I imagined TESTFRAME based on successful experience with gpsfake. There, the plan to treat gpsd as a big honkin' DFSM with reproducible behavior worked because while the transformation from GPS packets to JSON is complicated, it has very few free parameters. One is the current century. Another is the time of last GPS week rollover. A third is the current leap-second offset. There’s a fourth called UERE that I’m going to skip over so as not to get lost in the weeds.

If you change any of these free parameters, you have a different DFSM and odds are good that the correct output transformation will change visibly and break your tests. In particular, every leap-second insertion requires us to rebuild some check files; this last happened at the very end of 2016.

Fortunately, GPSD has only a small set of free parameters and, more importantly, they change only rarely and at predictable times.
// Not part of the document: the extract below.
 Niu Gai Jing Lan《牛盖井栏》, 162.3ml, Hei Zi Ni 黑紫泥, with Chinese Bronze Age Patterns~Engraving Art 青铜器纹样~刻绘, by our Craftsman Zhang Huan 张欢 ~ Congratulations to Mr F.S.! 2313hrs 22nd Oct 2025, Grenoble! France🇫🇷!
They do not change during normal evolution of GPSD. Thus, when a regression test goes sproing you know pretty reliably whether it’s because of a scheduled, rare change in a free parameter or because of a bug you just introduced. And reposurgeon is even better that way; it has no free variables at all.

This regularity - the ease of distinguishing signal from noise, and the low odds that free parameters will have to change during normal development - is what makes gpsfake effective. You can re-use tests for many years at a time (and the GPSD project does exactly that).

What snuck up on me as I was looking through lots of capture logs, trying to make TESTFRAME replay work, just before I hit the split-code-paths problem hard, is that ntpd is very different. It has lots of free parameters. And not only can they change during normal development, they’re going to have to in order for us to make performance improvements.

In effect, the entire logic of the sync algorithms is a gigantic free parameter with no real equivalent in the simple, straight-line data transformations of gpsd, and only a weak analogy with the somewhat more complex but variable-free ones of reposurgeon.

There are very general lessons here about the effectiveness of deterministic replay testing as a strategy, which is what this whole essay has been building towards.

Think of code you’re trying to test as a DFSM with an internal mutation rate as its free parameters change for whatever reason. As the mutation rate rises, the expected value of the useful lifetime of a capture log (that is, the span over which it will constitute a valid error check) falls. The signal-to-noise ratio in test breakage drops.

Under these assumptions, there is some mutation rate threshold above which attempting deterministic replay simply stops being useful at all, because the gains from it are exceeded by the complexity costs of updating tests. GPSD and reposurgeon are well below that threshold; I now think ntpd is above it.